Lorsque Ben Hammersley écrit sur la « audible revolution » à venir, le 12 février 2004 dans le Guardian, il se demande comment on allait appeler cette nouvelle pratique : « Audioblogging ? Podcasting ? GuerillaMedia ? ». À la mi-août 2025, le site Podcastindex.org répertorie 4,64 millions de podcasts sur les différentes plateformes, soit 25 000 nouveaux épisodes par jour. Dans sa récente étude sur les « Tendances audio-vidéo 2025 », le régulateur français des médias Arcom constate que plus de la moitié, 56 pour cent, des 15-24 ans écoutent des podcasts, la plupart du temps sur leur portable. C’est mobile, léger et disponible à la demande.

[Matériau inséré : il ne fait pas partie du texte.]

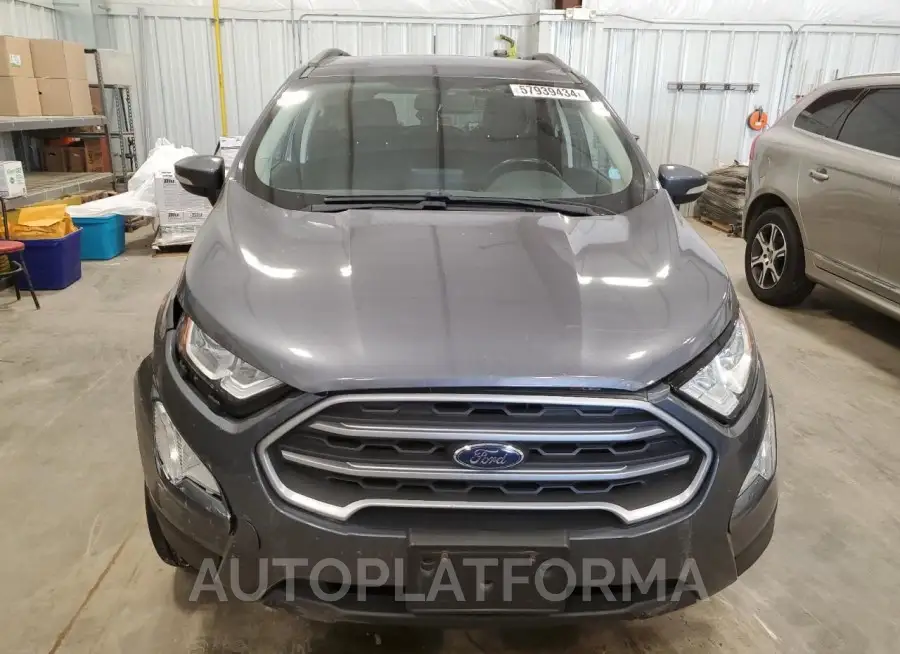 FORD ECOSPORT S 2020 vin MAJ6S3GL1LC337484 from auto auction Copart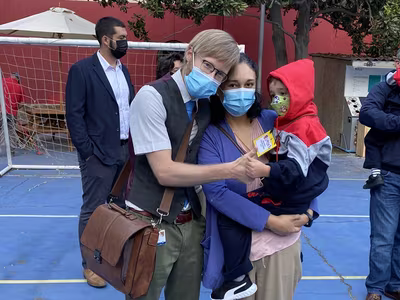 Primer Día de Clases Pre Kínder 2022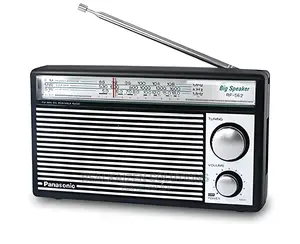 PANASONIC FM-MW-SW Portable Battery Retro Radio RF-562DD2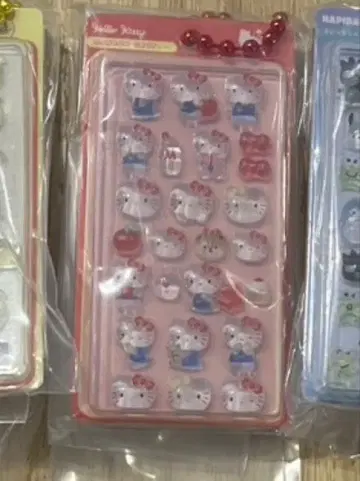 봉봉 드롭 미니어처 참 키티 가샤폰 가챠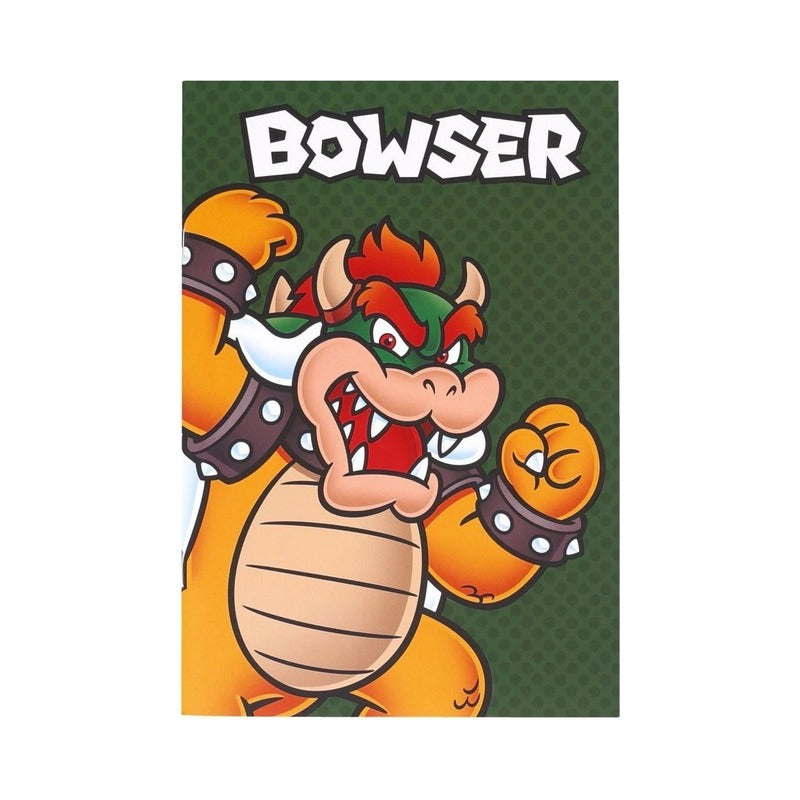 Wholesale Super Mario Exercise Books - (Case of 12) (1)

En l’absence de données chiffrées sur le Luxembourg, une étude empirique bien superficielle permet de constater que 1° les podcasts natifs éphémères inondent les plateformes et les réseaux sociaux luxembourgeois, que 2° ils sont souvent à visée commerciale (vendre des voitures ou un produit bancaire via des histoires personnelles à forte charge émotionnelle) ou éducative (apprendre le luxembourgeois avec un/e expatrié/e anglophone qui s’acharne à tenter de prononcer Gromperekichelchen ou Schueberfouer ; promouvoir la recherche scientifique…), que 3° il y a quelques rares exemplaires, comme ceux de Radio 100,7, qui sont bien faits et changent la donne journalistique ou 35M Elevator Pitch qui prend le temps nécessaire pour laisser parler les invité/es, mais que 4° les pires sont les « Laber-Podcasts » (merci à l’historien d’art allemand Wolfgang Kemp, qui forge le terme dans son petit fascicule hilarant Irgendwie so total spannend, paru chez zu Klampen).

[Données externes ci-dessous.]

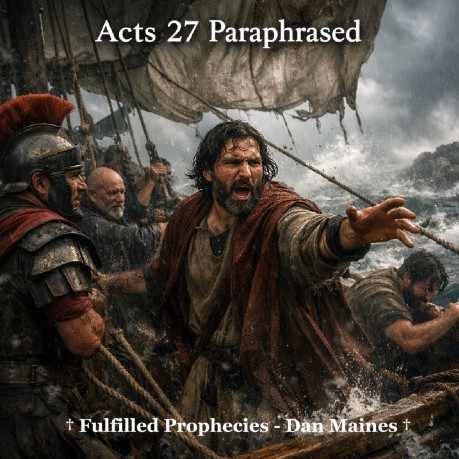 poster Acts 27 Paraphrased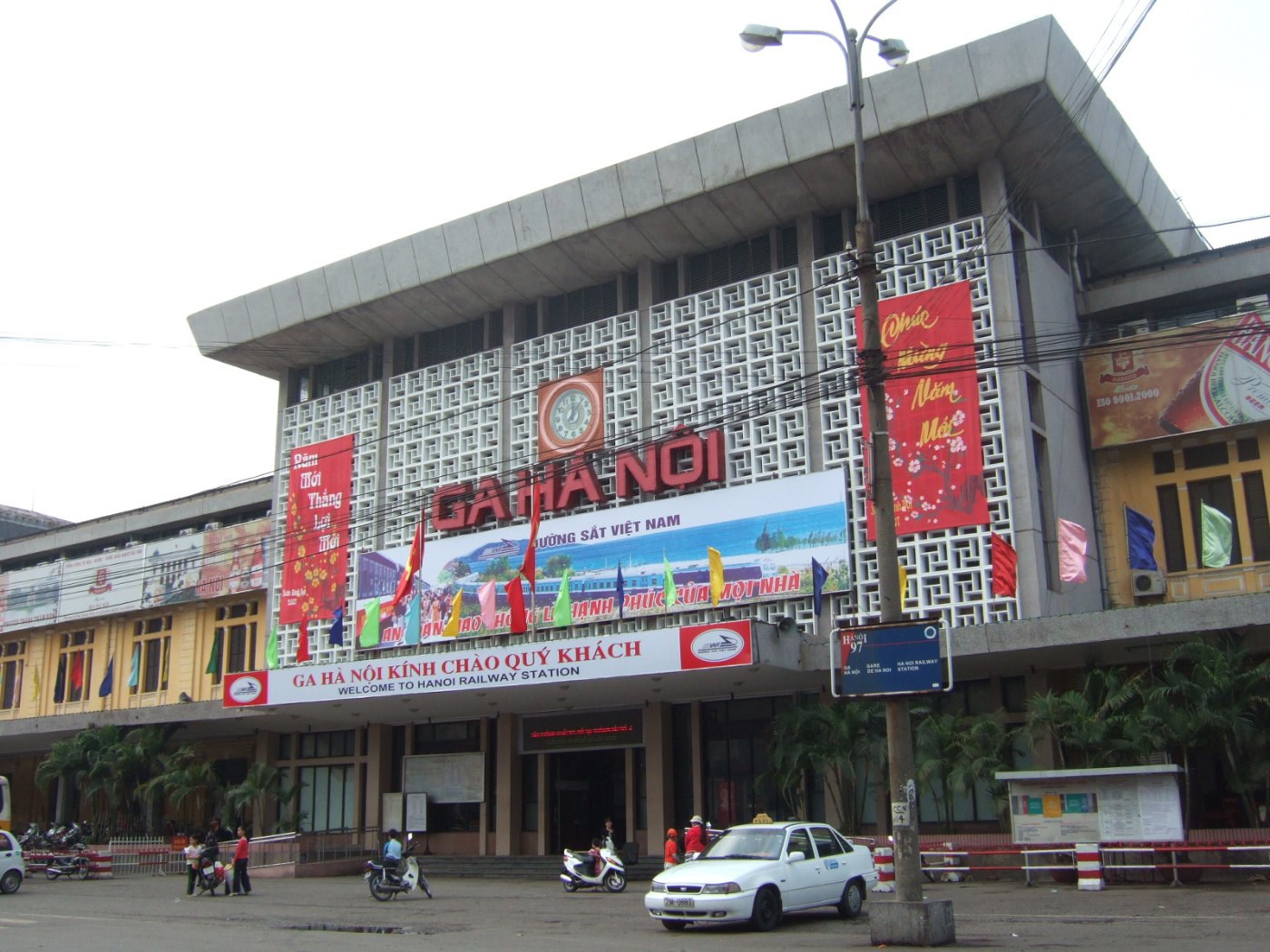 Ga Ha Noi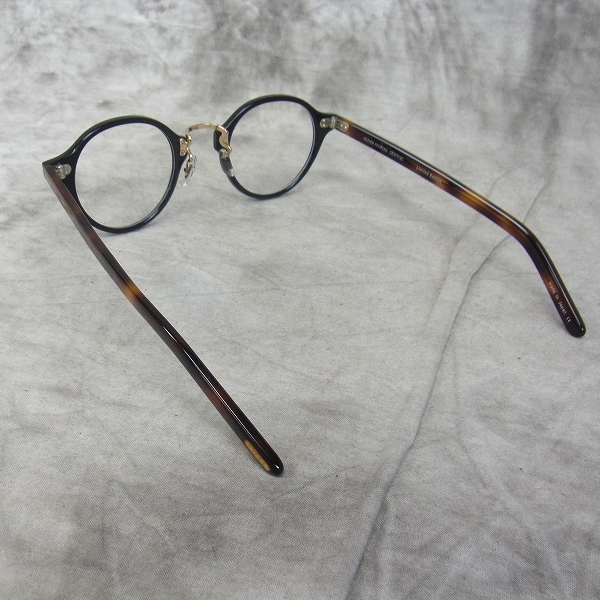 実際に弊社で買取させて頂いたOLIVER PEOPLES/オリバーピープルズ LMITED EDITION 雅 メガネフレーム/眼鏡 OP-1955 の画像 1枚目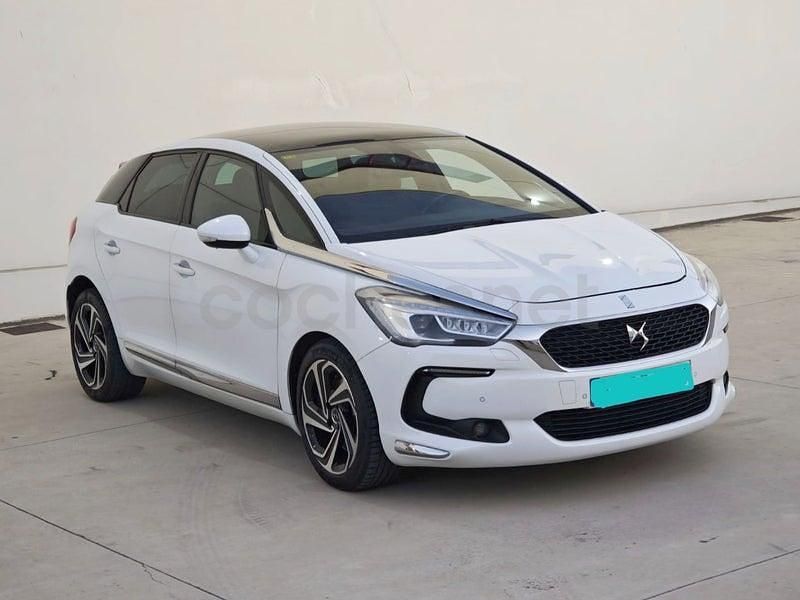 Usado DS Automobiles DS5 181 CV (133 kW) 2016 Blanco Utilitario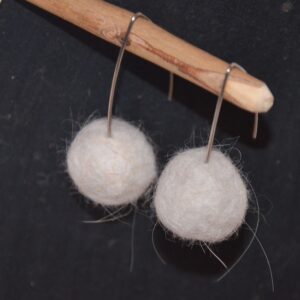 boucles d'oreilles en V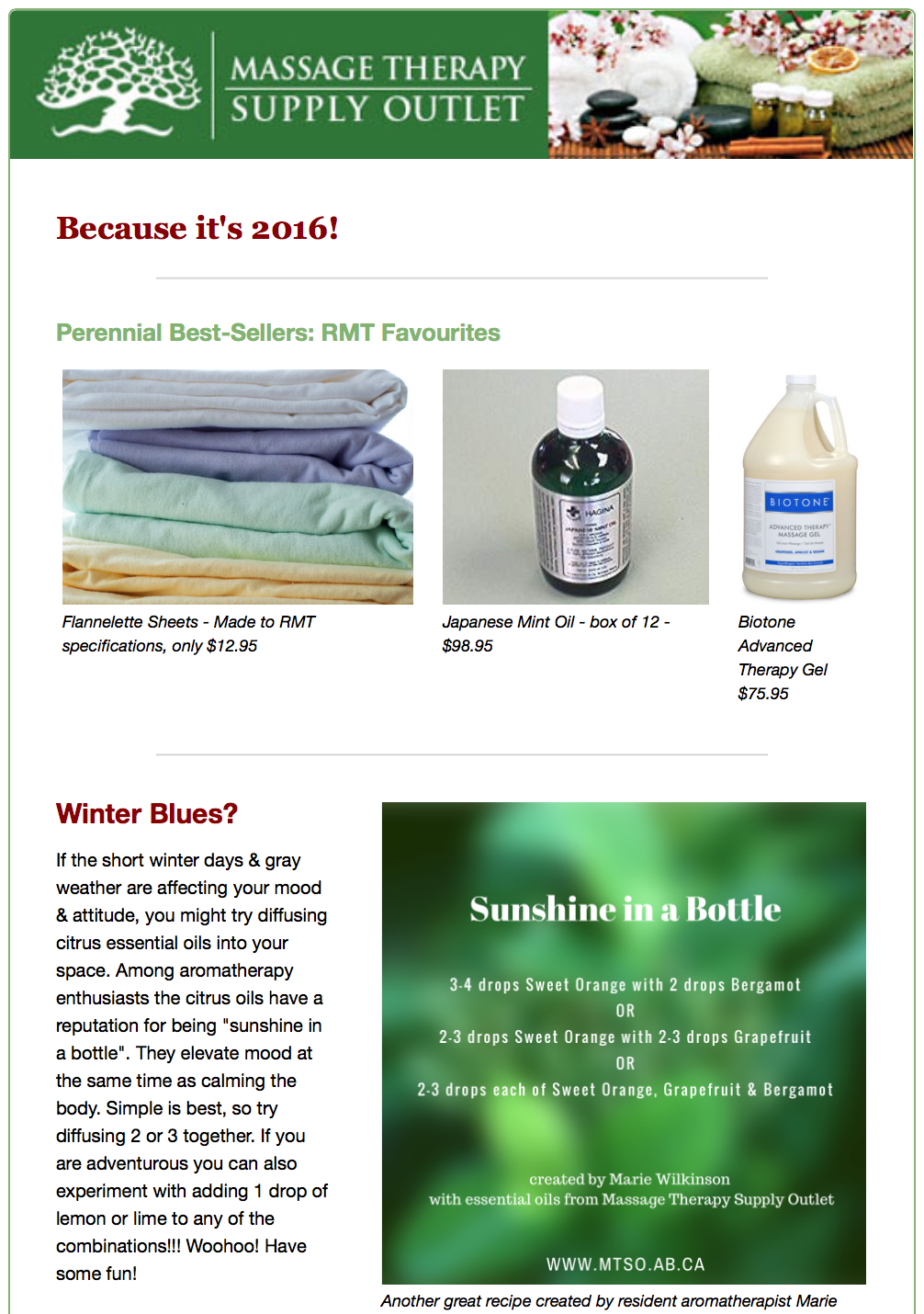 January Newsletter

Le concept du Laber-Podcast est simple : deux à trois copains (souvent de jeunes hommes, en effet) hyper-décontractés et sûrs d’eux-mêmes, investissent dans deux ou trois micros et se donnent rendez-vous à rythme irrégulier pour partager leur philosophie de comptoir et leur vue du monde avec leurs proches, via une plateforme de streaming. Depuis la démocratisation des moyens de production et l’avènement d’internet, il n’y a plus de gatekeepers qui contrôleraient l’entrée à l’espace-temps jadis précieux des antennes. Le Laber-Podcast permet de dire n’importe quoi n’importe quand, sans règle, sans contrôle de véracité, sans éthique et sans scrupules. Le seul mot d’ordre est : il faut être super-décontracté, rigolo et surtout ni préparé, ni compétent. « Im Podcast wird aus casual ein Gesamtprogramm », écrit Kemp.

Ici, aucune règle journalistique ne s’applique. Alors, il se peut tout à fait que les animateurs se fassent aussi annonceurs pour une société d’assurance (Gëlle Fro) ou qu’un des comparses, furieux d’avoir dû freiner à l’entrée d’une autoroute, s’emporte que le mec dans la voiture devant lui était « forcément un Noir, parce que, je ne sais pas pourquoi, les Noirs ne savent pas conduire » (épisode 119 de Erklär & Laach du 8 juillet, autocensuré depuis). 80 pour cent des créateurs de podcasts n’ont jamais eu de carte de presse, toujours selon l’Arcom. Du haut de ses vingt ans, l’univers du podcast célèbre le First Amendment à pleins poumons : ici, pas besoin de mettre en garde qu’un contenu est sponsorisé, pas besoin de prouver une affirmation, garder une distance objective et encore moins de respecter la langue employée. Au Luxembourg, le Laber-Podcast, c’est le médium des libertariens de province.

Mais le temps étant une crapule baveuse, il suffit en règle générale d’ignorer ce phénomène, qui se perd par usure : trop lourd à préparer, trop peu de public (contrairement au « broadcast » de la radio, les podcasts sont du « narrowcast »), trop peu d’écho, plus envie de payer les frais de l’hébergement… et c’est la fin. Le Luxembourg avait connu un même engouement pour la télévision après la libéralisation de l’audiovisuel avec la loi de 1991, les quelques chaînes lancées par des enthousiastes qui voulaient contrer le monopole de RTL ont disparu depuis (la dernière, .dok TV, a arrêté sa diffusion fin 2023). La réforme de la loi sur les médias électroniques est dans les tuyaux du ministère des Médias ; elle doit aussi élargir les compétences du régulateur Alia sur les nouveaux médias et donner un cadre aux influenceuses et aux jacasseurs.